🤖 AI Summary
This paper addresses two-party collaborative prediction under feature partitioning: parties exchange only label predictions—neither raw features nor shared priors are permitted. We propose a communication-efficient, computationally feasible non-Bayesian collaborative protocol that generalizes Aumann’s agreement theorem to a statistically robust framework. Our method integrates online adversarial learning with batch statistical learning, enabling prediction reduction via coordinated communication between local learners and best-response actions. Crucially, communication complexity is independent of data dimensionality, and the protocol achieves provably optimal collaborative performance. Theoretical analysis establishes tight regret bounds for the online setting and yields practical algorithms for the batch setting, both guaranteeing strong generalization and computational tractability. The approach is particularly suited for privacy-sensitive applications such as human-AI interaction and multimodal learning.
📝 Abstract
We give efficient"collaboration protocols"through which two parties, who observe different features about the same instances, can interact to arrive at predictions that are more accurate than either could have obtained on their own. The parties only need to iteratively share and update their own label predictions-without either party ever having to share the actual features that they observe. Our protocols are efficient reductions to the problem of learning on each party's feature space alone, and so can be used even in settings in which each party's feature space is illegible to the other-which arises in models of human/AI interaction and in multi-modal learning. The communication requirements of our protocols are independent of the dimensionality of the data.
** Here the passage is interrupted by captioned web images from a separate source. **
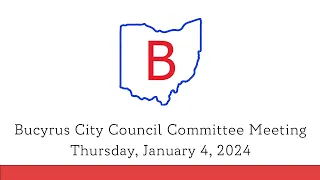 January 4, 2023, Bucyrus City Council Committee Meeting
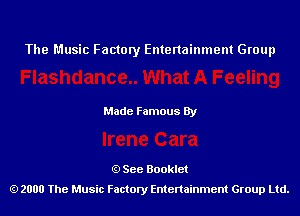 The Music Factory Entertainment Group

Made Famous By

See Booklet
2000 The Music Factory Entenainment Group Ltd.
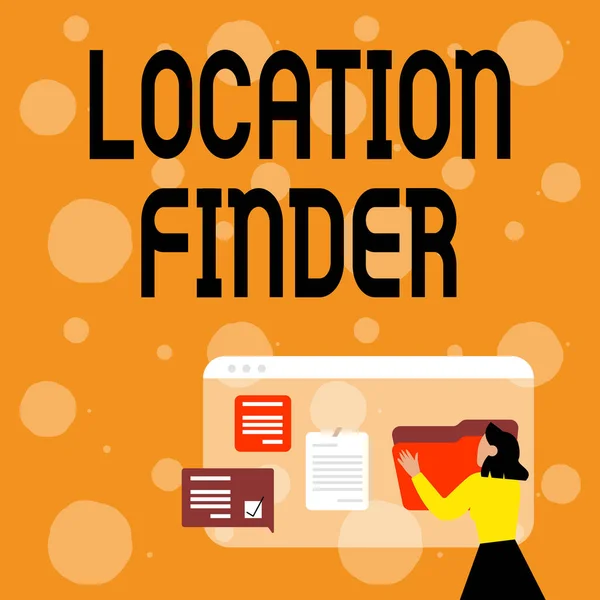 Writing displaying text Location Finder. Internet Concept A service featured to find the address of a selected place Woman Arranging Browser History, Editing Organizing Online Files,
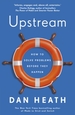 Upstream: How to solve problems before they happen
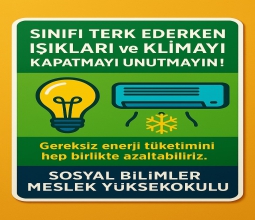 Sosyal Bilimler MYO’dan Enerji Farkındalığına Yönelik Örnek Uygulama...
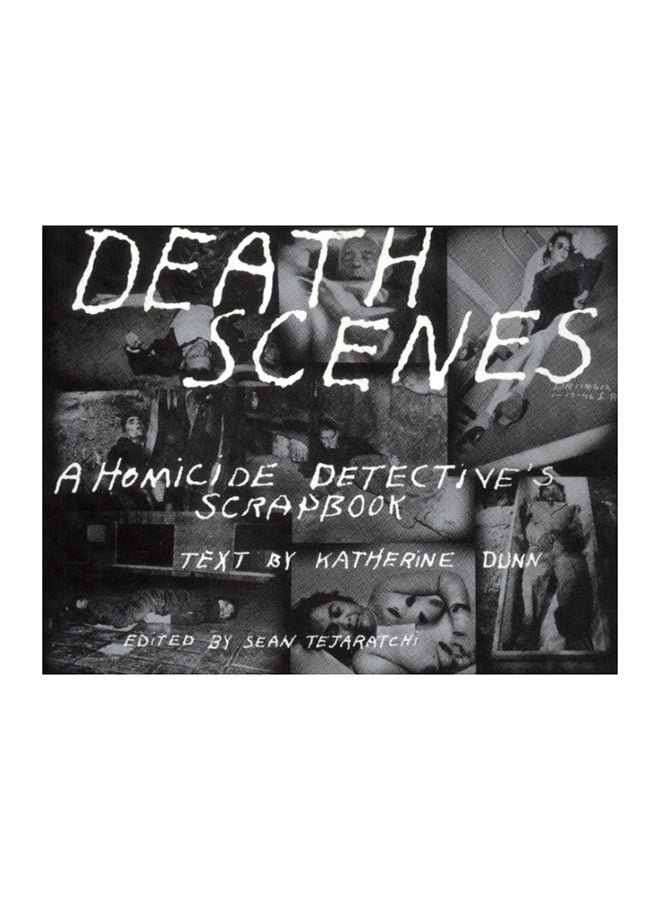 Death Scenes: A Homicide Detectives Scrapbook paperback english - 2000 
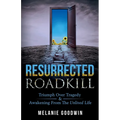 Resurrected Roadkill: Triumph over Tragedy and Awakening from the Unlived Life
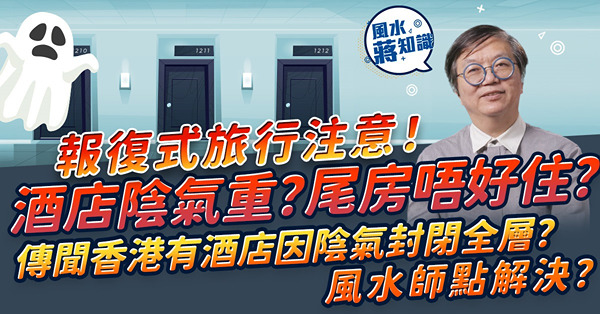 報復式旅行注意！酒店陰氣重？住尾房易招陰、易撞鬼？未必！教你一招住得安心瞓得好！傳聞香港有酒店因陰氣要封閉全層？風水師傅點解決？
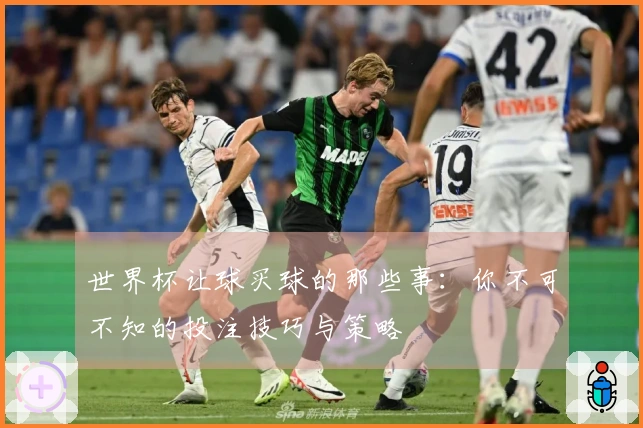 世界杯让球买球的那些事：你不可不知的投注技巧与策略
In an online adversarial setting we show how to give regret bounds on the predictions that the parties arrive at with respect to a class of benchmark policies defined on the joint feature space of the two parties, despite the fact that neither party has access to this joint feature space. We also give simpler algorithms for the same task in the batch setting in which we assume that there is a fixed but unknown data distribution. We generalize our protocols to a decision theoretic setting with high dimensional outcome spaces, where parties communicate only"best response actions."Our theorems give a computationally and statistically tractable generalization of past work on information aggregation amongst Bayesians who share a common and correct prior, as part of a literature studying"agreement"in the style of Aumann's agreement theorem. Our results require no knowledge of (or even the existence of) a prior distribution and are computationally efficient. Nevertheless we show how to lift our theorems back to this classical Bayesian setting, and in doing so, give new information aggregation theorems for Bayesian agreement.